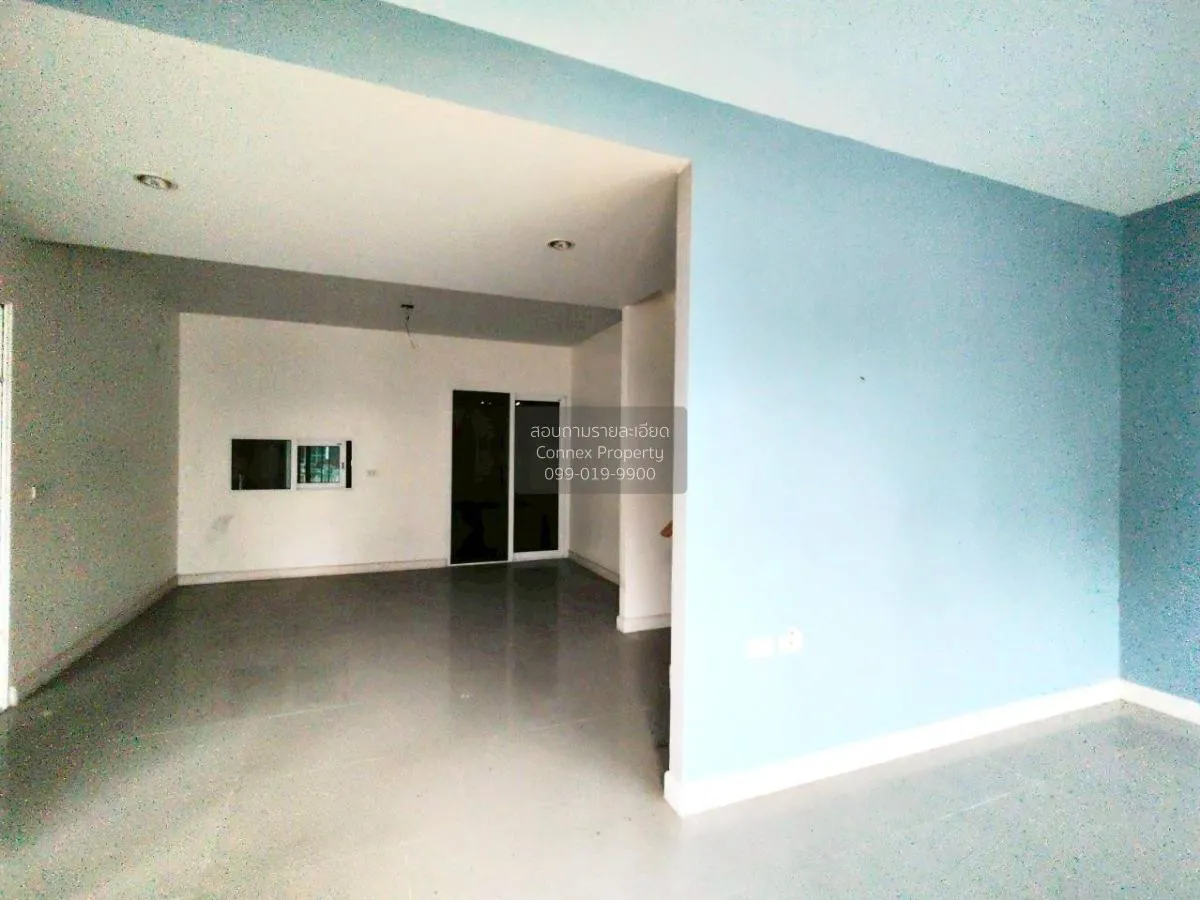 For Sale House , The Village Kanjanapisek – Ratchapruek , Sai Noi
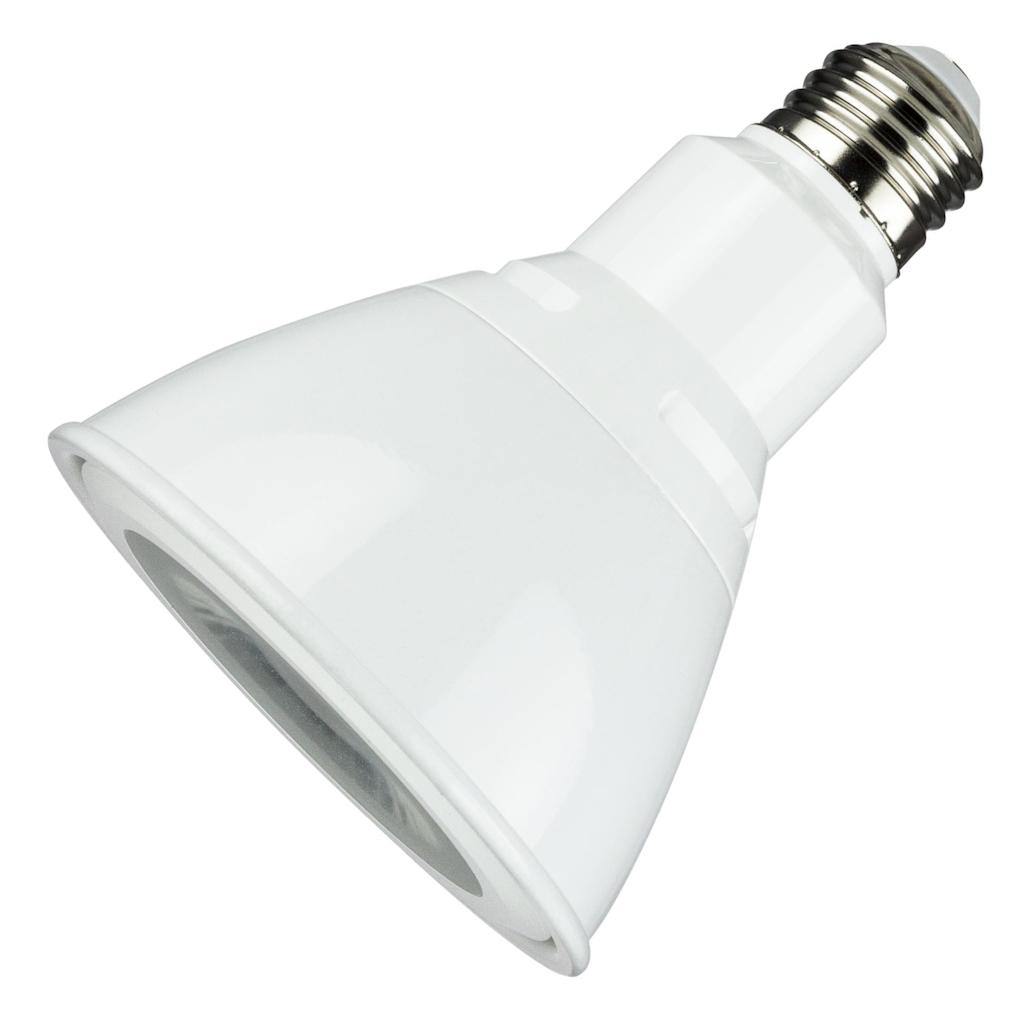10 watt 120 volt PAR30LN Medium Screw Base 3000K Natural White Dimmable LED 1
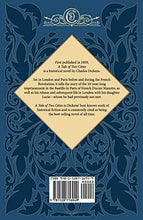 Load image into Gallery viewer, A Tale of Two Cities: A Story of the French Revolution - With Appreciations and Criticisms By G. K. Chesterton
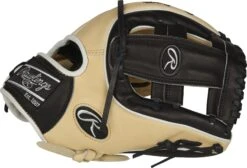 Rawlings Pro Preferred 11.5" Infield Baseball Glove: PROS314-13CBW -EASTON Shop PROS314 13CBW 3 png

•••

Required work: The exact lines from the one containing "10 watt 120" through the end of the data are to be copied, with both ends kept and pictures left out.

Solution:
10 watt 120 volt PAR30LN Medium Screw Base 3000K Natural White Dimmable LED 1
 Load image into Gallery viewer, A Tale of Two Cities: A Story of the French Revolution - With Appreciations and Criticisms By G. K. Chesterton
 Rawlings Pro Preferred 11.5" Infield Baseball Glove: PROS314-13CBW -EASTON Shop PROS314 13CBW 3 png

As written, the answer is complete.